__DATA EXTRACT__:
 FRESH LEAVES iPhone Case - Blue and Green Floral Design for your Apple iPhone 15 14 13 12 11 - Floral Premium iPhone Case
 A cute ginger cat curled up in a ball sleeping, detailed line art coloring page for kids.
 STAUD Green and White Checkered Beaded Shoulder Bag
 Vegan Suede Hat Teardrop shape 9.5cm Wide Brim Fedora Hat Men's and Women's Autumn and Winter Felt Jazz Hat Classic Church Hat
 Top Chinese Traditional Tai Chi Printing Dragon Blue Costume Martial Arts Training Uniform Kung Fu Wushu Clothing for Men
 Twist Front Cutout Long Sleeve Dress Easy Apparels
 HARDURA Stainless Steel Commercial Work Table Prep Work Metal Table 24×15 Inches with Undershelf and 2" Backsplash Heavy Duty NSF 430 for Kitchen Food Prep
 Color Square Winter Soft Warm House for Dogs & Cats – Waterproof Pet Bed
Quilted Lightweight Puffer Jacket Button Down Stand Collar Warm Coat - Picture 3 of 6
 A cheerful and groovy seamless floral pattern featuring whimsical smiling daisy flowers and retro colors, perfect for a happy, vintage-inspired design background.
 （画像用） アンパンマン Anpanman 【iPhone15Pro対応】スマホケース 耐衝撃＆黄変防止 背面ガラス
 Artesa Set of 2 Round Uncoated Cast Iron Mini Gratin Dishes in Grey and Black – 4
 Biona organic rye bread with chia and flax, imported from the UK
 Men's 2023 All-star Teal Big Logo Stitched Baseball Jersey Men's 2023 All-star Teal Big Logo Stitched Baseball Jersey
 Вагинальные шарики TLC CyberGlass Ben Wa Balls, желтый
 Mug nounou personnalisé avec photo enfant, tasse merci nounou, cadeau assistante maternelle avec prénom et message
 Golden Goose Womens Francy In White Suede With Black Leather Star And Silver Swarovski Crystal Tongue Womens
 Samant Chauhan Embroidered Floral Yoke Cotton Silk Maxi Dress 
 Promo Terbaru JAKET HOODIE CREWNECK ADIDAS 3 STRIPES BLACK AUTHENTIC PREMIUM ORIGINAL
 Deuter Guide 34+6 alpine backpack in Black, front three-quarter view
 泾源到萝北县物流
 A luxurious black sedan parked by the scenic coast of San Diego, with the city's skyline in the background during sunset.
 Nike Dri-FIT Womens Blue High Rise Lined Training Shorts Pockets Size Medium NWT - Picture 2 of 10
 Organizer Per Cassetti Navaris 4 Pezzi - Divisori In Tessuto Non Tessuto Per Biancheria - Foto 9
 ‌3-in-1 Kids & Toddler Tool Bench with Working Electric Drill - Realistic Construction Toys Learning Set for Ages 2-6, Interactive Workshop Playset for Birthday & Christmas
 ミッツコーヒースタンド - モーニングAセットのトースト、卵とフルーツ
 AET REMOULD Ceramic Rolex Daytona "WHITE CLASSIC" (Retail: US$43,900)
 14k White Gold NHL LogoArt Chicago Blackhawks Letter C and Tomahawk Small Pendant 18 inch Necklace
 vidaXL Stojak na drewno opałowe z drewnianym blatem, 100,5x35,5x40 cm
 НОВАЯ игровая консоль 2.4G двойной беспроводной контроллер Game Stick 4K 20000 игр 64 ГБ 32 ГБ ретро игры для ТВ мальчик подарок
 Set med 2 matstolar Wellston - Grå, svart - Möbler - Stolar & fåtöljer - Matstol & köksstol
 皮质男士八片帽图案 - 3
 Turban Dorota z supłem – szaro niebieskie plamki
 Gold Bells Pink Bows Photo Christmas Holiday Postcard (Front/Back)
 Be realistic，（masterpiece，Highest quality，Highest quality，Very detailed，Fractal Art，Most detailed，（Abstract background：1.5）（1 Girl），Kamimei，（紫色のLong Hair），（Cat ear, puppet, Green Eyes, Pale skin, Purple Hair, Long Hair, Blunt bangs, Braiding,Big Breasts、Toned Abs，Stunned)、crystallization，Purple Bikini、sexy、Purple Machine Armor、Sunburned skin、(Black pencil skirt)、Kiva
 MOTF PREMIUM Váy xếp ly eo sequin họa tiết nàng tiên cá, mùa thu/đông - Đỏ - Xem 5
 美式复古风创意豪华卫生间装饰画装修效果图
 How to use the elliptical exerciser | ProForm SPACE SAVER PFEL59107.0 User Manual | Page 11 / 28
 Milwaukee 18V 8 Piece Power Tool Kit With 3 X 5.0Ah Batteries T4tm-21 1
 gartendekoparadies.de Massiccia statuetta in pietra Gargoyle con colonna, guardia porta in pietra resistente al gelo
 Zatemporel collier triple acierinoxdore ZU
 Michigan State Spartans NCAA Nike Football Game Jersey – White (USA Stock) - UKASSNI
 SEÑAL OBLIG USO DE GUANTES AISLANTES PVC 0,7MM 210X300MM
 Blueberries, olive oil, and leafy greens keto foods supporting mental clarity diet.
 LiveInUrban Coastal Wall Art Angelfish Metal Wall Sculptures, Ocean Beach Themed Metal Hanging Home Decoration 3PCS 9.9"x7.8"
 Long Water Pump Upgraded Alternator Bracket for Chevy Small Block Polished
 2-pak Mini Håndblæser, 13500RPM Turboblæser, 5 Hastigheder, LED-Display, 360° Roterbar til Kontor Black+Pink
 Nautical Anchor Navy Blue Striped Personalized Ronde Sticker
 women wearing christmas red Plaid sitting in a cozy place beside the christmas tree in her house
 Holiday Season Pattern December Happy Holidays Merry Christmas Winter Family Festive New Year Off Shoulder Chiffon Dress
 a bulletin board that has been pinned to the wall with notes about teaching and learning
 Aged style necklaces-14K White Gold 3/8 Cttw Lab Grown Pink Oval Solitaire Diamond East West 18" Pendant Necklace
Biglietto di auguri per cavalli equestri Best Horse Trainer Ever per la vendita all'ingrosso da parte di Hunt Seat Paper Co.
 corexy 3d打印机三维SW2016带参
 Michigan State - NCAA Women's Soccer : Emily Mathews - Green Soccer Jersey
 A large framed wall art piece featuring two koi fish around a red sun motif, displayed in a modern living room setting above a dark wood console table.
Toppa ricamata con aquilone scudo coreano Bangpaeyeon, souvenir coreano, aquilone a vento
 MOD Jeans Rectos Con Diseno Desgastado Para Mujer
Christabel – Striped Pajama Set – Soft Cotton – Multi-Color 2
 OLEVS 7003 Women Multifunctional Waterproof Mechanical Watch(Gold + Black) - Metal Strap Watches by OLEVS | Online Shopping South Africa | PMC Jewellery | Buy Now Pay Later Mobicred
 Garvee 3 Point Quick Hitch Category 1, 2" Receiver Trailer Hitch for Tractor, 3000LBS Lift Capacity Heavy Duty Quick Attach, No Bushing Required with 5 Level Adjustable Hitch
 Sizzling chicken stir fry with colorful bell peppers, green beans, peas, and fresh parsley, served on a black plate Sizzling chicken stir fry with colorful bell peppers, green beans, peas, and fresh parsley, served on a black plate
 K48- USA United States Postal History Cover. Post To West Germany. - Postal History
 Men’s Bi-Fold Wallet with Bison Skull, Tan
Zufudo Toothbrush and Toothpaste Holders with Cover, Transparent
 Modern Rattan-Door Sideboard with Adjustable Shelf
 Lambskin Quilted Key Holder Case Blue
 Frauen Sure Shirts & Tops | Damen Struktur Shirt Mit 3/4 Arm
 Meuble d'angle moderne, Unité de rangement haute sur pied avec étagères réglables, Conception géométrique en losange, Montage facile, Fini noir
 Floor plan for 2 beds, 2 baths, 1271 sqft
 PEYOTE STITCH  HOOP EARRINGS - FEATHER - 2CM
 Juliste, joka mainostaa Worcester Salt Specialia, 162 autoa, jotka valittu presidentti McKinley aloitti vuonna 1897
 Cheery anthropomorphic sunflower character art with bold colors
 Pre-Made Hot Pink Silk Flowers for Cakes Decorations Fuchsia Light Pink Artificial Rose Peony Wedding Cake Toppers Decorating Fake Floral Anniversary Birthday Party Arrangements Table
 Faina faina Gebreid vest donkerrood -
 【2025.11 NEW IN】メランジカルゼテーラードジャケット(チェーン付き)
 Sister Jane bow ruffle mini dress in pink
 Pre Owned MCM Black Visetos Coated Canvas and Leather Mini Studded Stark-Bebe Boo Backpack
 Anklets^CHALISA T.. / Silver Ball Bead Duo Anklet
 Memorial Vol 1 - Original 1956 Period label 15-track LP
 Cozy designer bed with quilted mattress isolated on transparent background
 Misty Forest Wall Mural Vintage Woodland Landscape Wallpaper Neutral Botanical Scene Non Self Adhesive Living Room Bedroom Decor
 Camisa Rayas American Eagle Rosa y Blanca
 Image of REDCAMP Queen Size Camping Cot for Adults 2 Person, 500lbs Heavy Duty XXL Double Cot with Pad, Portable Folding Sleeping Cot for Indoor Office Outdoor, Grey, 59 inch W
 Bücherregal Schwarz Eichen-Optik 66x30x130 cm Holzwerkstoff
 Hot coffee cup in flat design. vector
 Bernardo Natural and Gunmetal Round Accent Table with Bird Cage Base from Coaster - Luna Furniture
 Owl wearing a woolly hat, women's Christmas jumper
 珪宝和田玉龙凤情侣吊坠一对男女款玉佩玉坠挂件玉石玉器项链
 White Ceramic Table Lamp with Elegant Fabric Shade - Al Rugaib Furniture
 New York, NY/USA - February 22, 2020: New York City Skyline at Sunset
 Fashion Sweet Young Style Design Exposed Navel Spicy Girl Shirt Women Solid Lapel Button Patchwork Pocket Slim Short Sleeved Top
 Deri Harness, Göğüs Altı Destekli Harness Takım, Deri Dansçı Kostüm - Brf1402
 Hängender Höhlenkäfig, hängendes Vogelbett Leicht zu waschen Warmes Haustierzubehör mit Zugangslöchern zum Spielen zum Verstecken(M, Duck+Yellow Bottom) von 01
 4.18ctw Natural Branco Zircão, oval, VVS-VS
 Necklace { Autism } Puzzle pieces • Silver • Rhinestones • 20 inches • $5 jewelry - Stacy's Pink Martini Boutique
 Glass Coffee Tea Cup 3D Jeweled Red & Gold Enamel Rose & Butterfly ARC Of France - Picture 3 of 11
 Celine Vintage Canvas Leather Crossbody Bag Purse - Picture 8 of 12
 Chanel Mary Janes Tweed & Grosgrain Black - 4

__YOUR ASSIGNMENT__: Which lines above contain the word "Cover"? Copy each of them.

__ANSWER TO THIS EXERCISE__:
 K48- USA United States Postal History Cover. Post To West Germany. - Postal History
Zufudo Toothbrush and Toothpaste Holders with Cover, Transparent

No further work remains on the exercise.